Work instructions:
In the material below, find the line containing "Hi, I'm Dr." and the line containing "Once you integrate". Output those two lines and all lines between them exactly, without pictures.

Supplied records:
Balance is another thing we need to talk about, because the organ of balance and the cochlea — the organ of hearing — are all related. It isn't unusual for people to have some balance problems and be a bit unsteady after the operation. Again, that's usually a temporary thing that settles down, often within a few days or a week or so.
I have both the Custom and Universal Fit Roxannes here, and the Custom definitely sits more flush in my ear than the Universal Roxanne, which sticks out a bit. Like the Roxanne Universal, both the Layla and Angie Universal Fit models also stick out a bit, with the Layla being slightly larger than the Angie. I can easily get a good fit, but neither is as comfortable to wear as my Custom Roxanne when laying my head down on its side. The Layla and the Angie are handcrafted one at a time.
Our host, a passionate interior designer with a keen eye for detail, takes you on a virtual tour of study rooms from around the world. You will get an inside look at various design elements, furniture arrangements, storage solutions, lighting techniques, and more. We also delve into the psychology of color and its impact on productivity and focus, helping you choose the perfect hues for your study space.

--

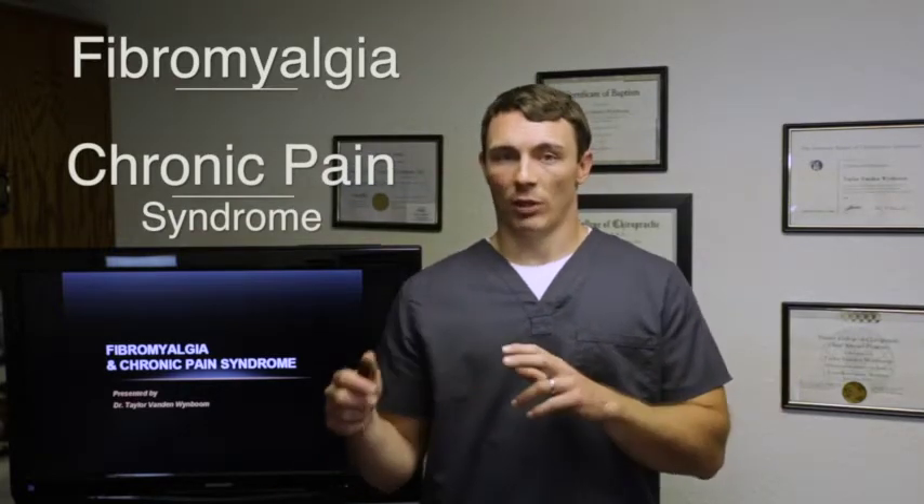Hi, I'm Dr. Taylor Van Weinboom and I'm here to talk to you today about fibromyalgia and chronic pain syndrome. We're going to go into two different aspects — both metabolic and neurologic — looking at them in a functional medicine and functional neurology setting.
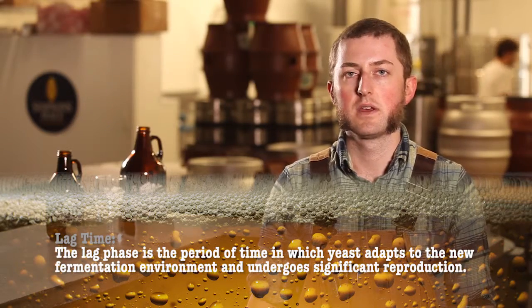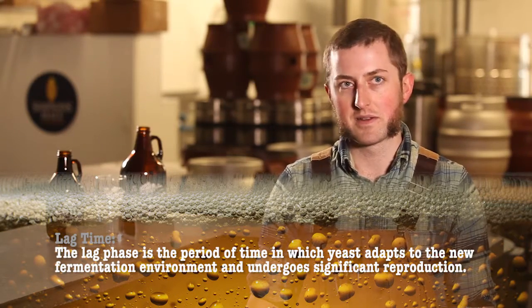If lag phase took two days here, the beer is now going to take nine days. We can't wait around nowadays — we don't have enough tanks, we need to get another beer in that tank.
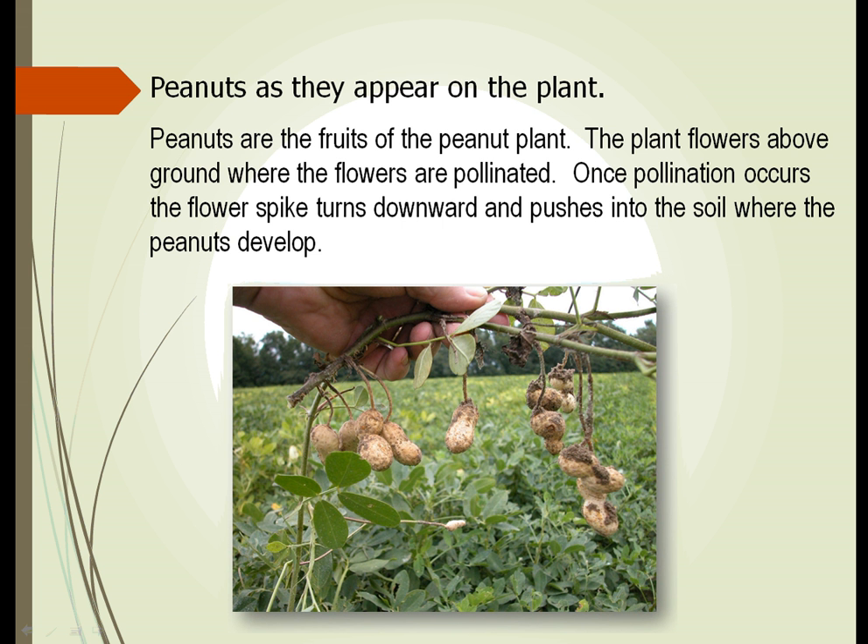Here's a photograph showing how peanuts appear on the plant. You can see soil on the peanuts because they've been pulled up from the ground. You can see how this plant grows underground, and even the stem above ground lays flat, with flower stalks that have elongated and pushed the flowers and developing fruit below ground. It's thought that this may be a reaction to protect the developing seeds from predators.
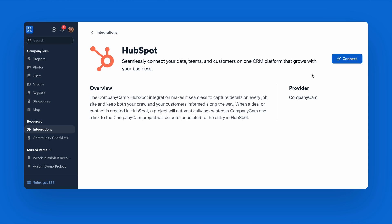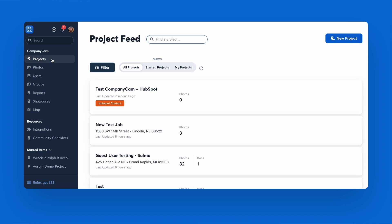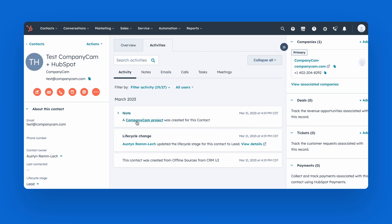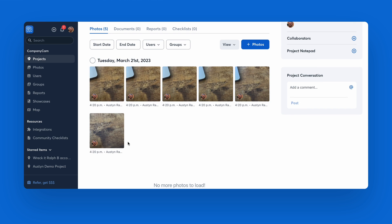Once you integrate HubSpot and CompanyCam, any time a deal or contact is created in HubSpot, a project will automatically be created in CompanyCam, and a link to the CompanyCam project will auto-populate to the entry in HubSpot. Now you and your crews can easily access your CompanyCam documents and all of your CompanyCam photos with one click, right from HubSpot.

Output of the exercise:
Hi, I'm Dr. Taylor Van Weinboom and I'm here to talk to you today about fibromyalgia and chronic pain syndrome. We're going to go into two different aspects — both metabolic and neurologic — looking at them in a functional medicine and functional neurology setting.
If lag phase took two days here, the beer is now going to take nine days. We can't wait around nowadays — we don't have enough tanks, we need to get another beer in that tank.
Here's a photograph showing how peanuts appear on the plant. You can see soil on the peanuts because they've been pulled up from the ground. You can see how this plant grows underground, and even the stem above ground lays flat, with flower stalks that have elongated and pushed the flowers and developing fruit below ground. It's thought that this may be a reaction to protect the developing seeds from predators.
Once you integrate HubSpot and CompanyCam, any time a deal or contact is created in HubSpot, a project will automatically be created in CompanyCam, and a link to the CompanyCam project will auto-populate to the entry in HubSpot. Now you and your crews can easily access your CompanyCam documents and all of your CompanyCam photos with one click, right from HubSpot.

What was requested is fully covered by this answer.